### [Supplied records]
○ ○ ○

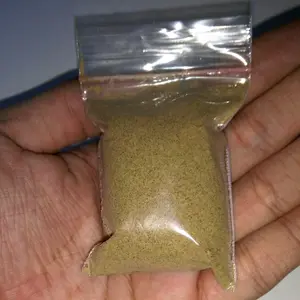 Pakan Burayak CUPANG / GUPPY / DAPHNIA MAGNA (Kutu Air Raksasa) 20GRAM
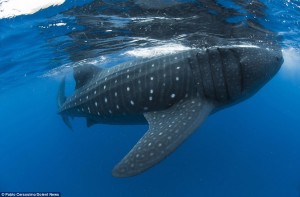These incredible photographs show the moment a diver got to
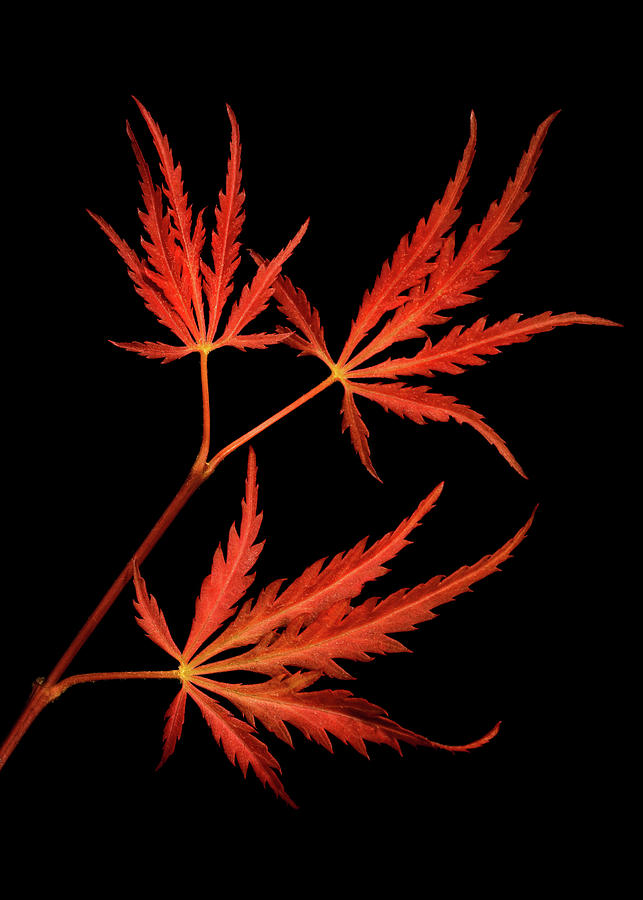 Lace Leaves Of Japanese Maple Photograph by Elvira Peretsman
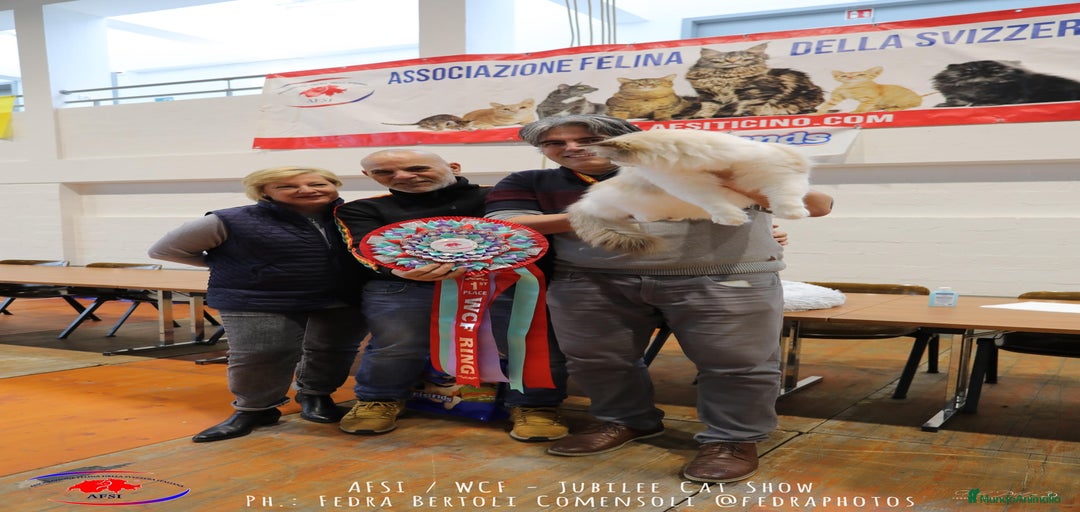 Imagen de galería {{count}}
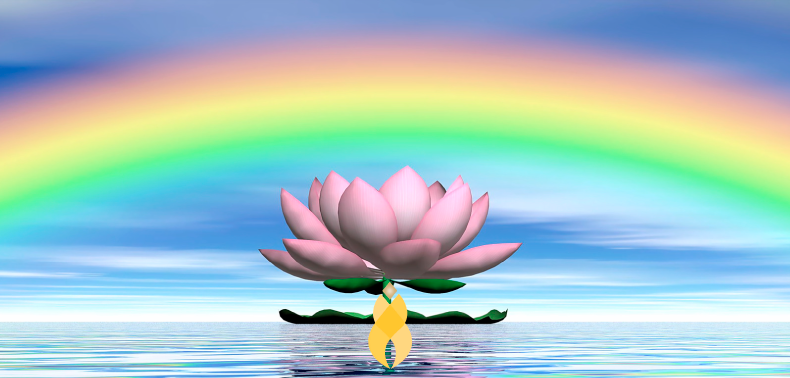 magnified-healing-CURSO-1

○ ○ ○

### [Your goal]
All lines from the one holding "Lace Leaves Of" through the last line of the entries, and nothing else, are to be output exactly; leave out the pictures.

### [Your response]
 Lace Leaves Of Japanese Maple Photograph by Elvira Peretsman
 Imagen de galería {{count}}
 magnified-healing-CURSO-1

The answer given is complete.